Ils ont donc arrêté leur train et exploré soigneusement la voie. Sans
rien trouver. Le train suivant, averti de l'incident, a fait le trajet à
toute petite vitesse pour tenter d'apercevoir quelque chose. Rien. Et puis
entre 4 heures du matin et 18h30, heure à laquelle le corps a été découvert,
70 convois sont passés sans rien signaler. Alors que dans le même train
de 18h30, il s'est trouvé deux voyageurs pour voir le corps de François,
bien en évidence sur le ballast. Pourquoi tous les autres voyageurs, tous
les autres conducteurs ont-ils été frappés de cécité ? Mystère. A
moins que le corps n'ait été déposé que tard dans l'après-midi sur le
ballast. Pourquoi n'a-t-on pas cherché un témoin qui aurait pu voir François
dans son train de nuit ? Inutile, voyons, puisqu'on vous dit qu'il s'est
suicidé... Mais si l'on pense qu'il y a eu meurtre, il faut trouver un
mobile. Or, à tort ou à raison, les parents de François en ont découvert
un. Selon eux, tout serait lié aux petits trafics de drogue qui
tournaient autour du lycée de Montgeron. Par exemple, qui était ce mystérieux
« Goofy », disparu quand François et ses camarades se faisaient pincer
en train de fumer de l'herbe dans l'enceinte du lycée ? Un dealer.

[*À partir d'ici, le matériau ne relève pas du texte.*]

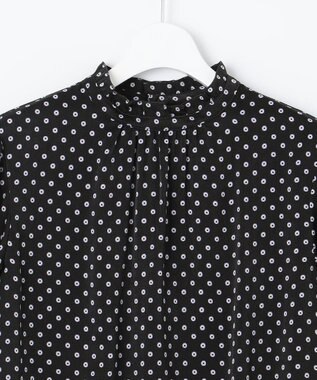 J.PRESS LADIES S 【洗える】ピーチサテン 幾何プリント ブラウス ネイビー系5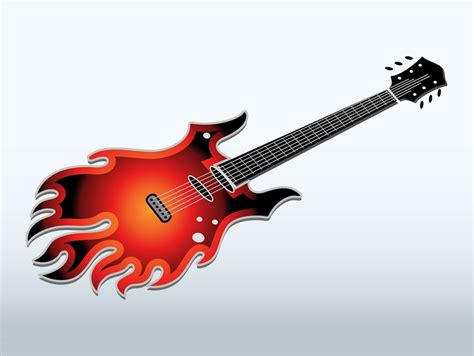 Flaming Electric Guitar Vector Art & Graphics | freevector.com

On le
découvrira un an plus tard sans que cela réveille l'enquête. Pas plus
que les policiers ne réagiront lorsque les parents de François
retrouveront dans sa chambre un papier où l'on parlait des conditions de
livraison de 10 kilos de cannabis, ce qui n'avait plus rien à voir avec
un trafic de cour de récréation. François avait donc connaissance de
trafics importants. A-t-on eu peur qu'il parle ? La piste n'a pas été
suivie. Autre question, concernant cette fois le lycée. Pourquoi le
proviseur, qui partait en retraite cette année-là, n'a-t-il rien voulu
dire aux parents de François sur ce qui s'était passé dans l'enceinte
de son établissement ? Pourquoi le compte-rendu de la commission interne,
qui avait entendu François et ses camarades après leur histoire de
cannabis, a-t-il disparu alors que tous les autres sont disponibles dans
les archives du lycée ? A toutes ces questions les parents de François
ont voulu obtenir des réponses. En vain. L'Education nationale a défendu
avec vigueur son administration, et un inspecteur de la vie scolaire a rédigé
un rapport où il décrit des parents « égarés par la douleur ». En
revanche, du côté de la justice, quelque chose vient de bouger après
deux ans d'immobilisme. Peut-être parce que les parents de François sont
de sacrés emmerdeurs qui ont créé une association le Comité François
, un site internet (1), lancé des pétitions qui ont réuni des
centaines de signatures. Ils viennent d'apprendre que le dossier, qui était
clos, va être transmis à la chambre d'accusation. Un espoir ténu
d'obtenir enfin des réponses aux questions qui les taraudent.